BT2389W
Pehriska- Ruhpa. Minnetaree Warrior in the Costume
of the Dog Danse.
Portrait of the chief Pehriska-Ruhpa (“Two Ravens”).
Warrior of the Minnetaree Tribe (also called Hidatsa
or Gros Ventres of the Missouri). He was an eminent
Minnetaree and close friend of Maté-Topé and he paid
many visits to Fort Clark during winter 1834.
Bodmer painted him first in his ceremonial robe holding
an enormous medicine pipe (see Tableau 17). In this
portrayal Pehriska-Ruhpa is dressed in the regalia of
the Hidatsa Dog Society (see Tableau 23).
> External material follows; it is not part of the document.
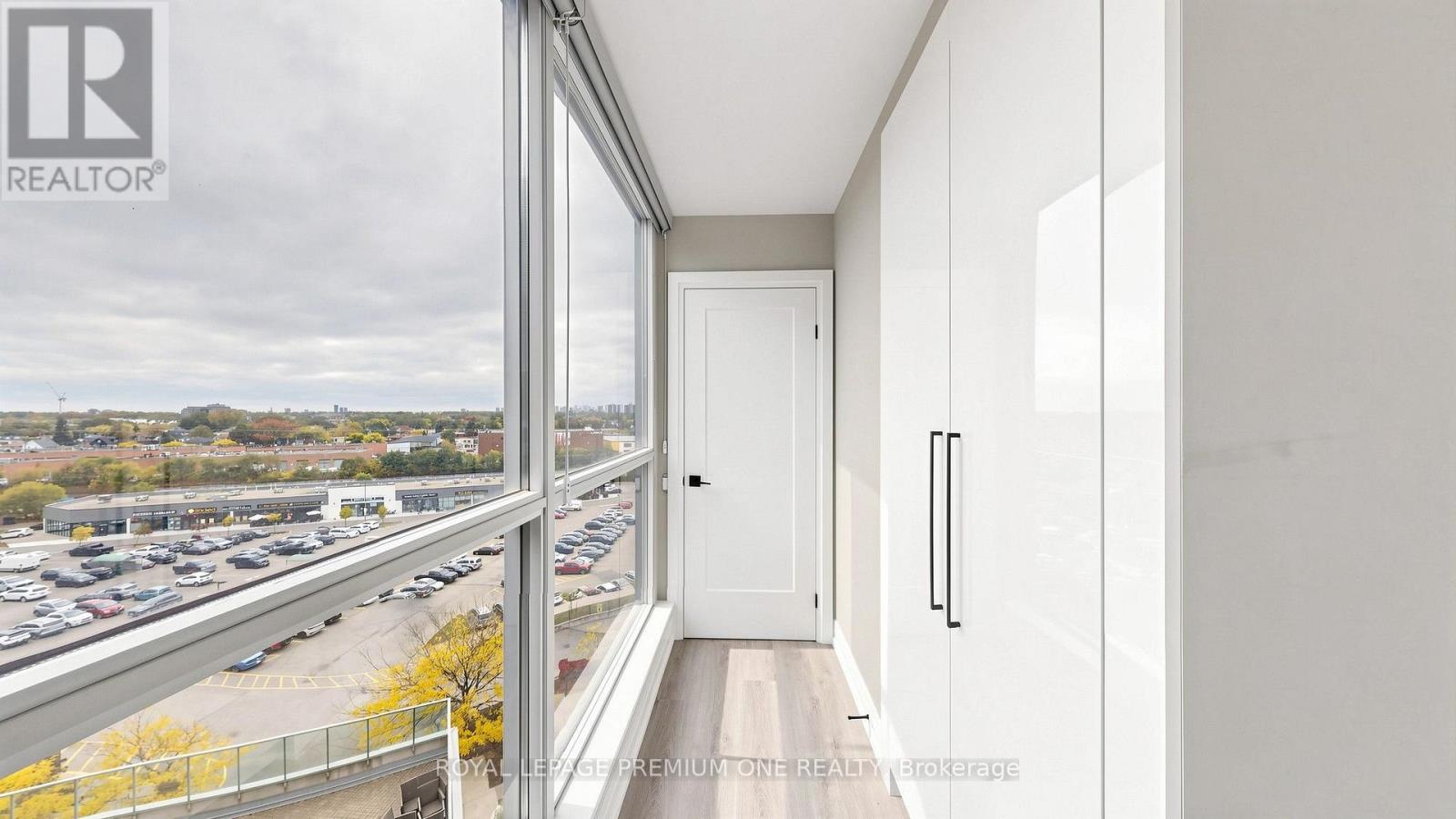824- 1600 Keele Street, Toronto, ON photo 16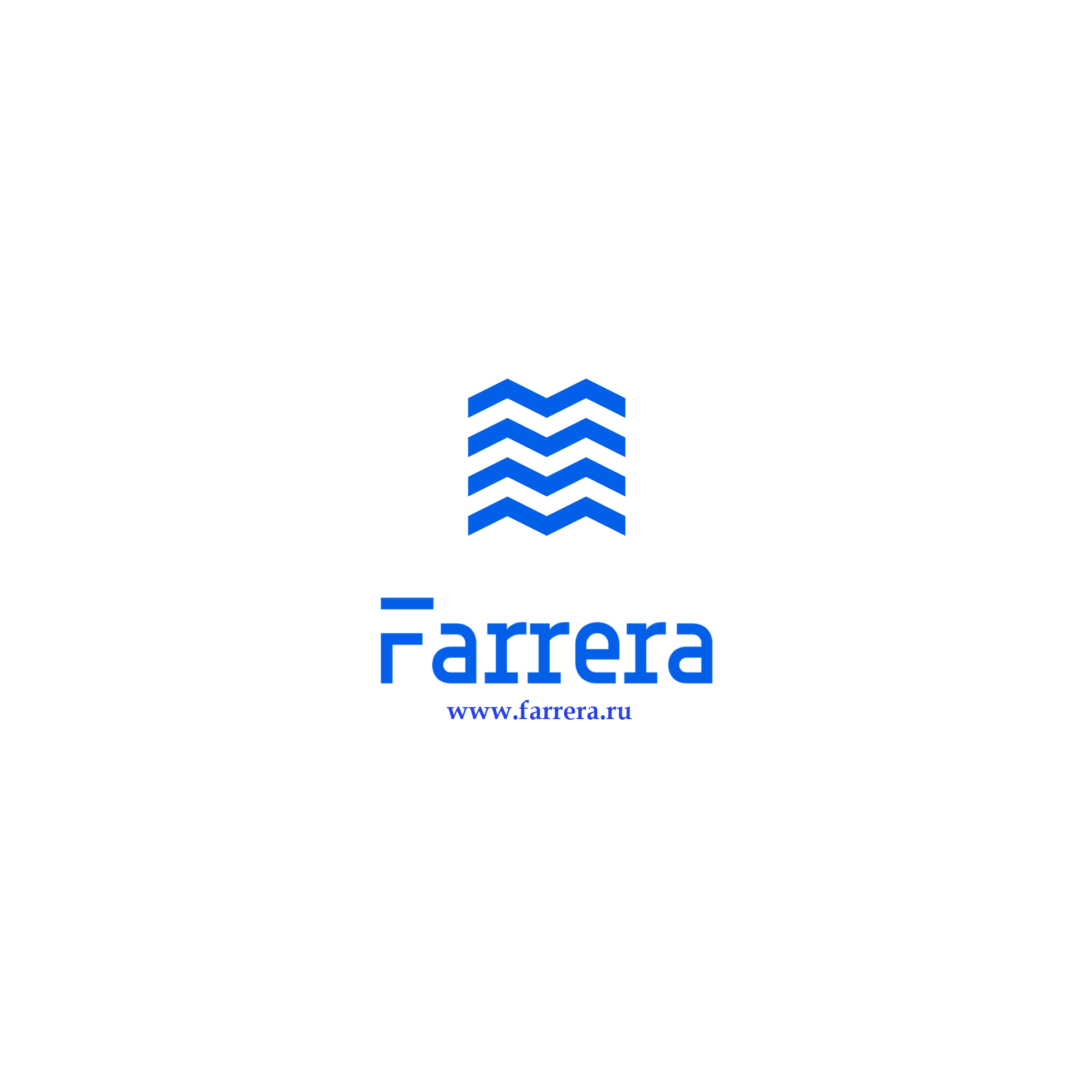 ООО «ФАРРЕРА»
Our watercolour was made after Tableau 23 from Prince
Maximilian's “Travels in the Interior of North America,
1832-1834”, published 1837-44 (see No BT2389), a picture
considered by many art historicans to be the finest
Indian portrait ever made.
This watercolour was painted by an artist at court
of the Maharaja of Tonk, Northern-India, in the second
half of the 19th century.
Watercolour painting, with opaque white, and pen-and-ink
drawing, on paper, by a court painter after Karl Bodmer.
With the seal of the Maharaja of Tonk, Northern-India
2nd half of the 19th century. Tonk was a princely state
of India.
Image size: c 40 x 26 cm, paper size: 43,3 x 32 cm.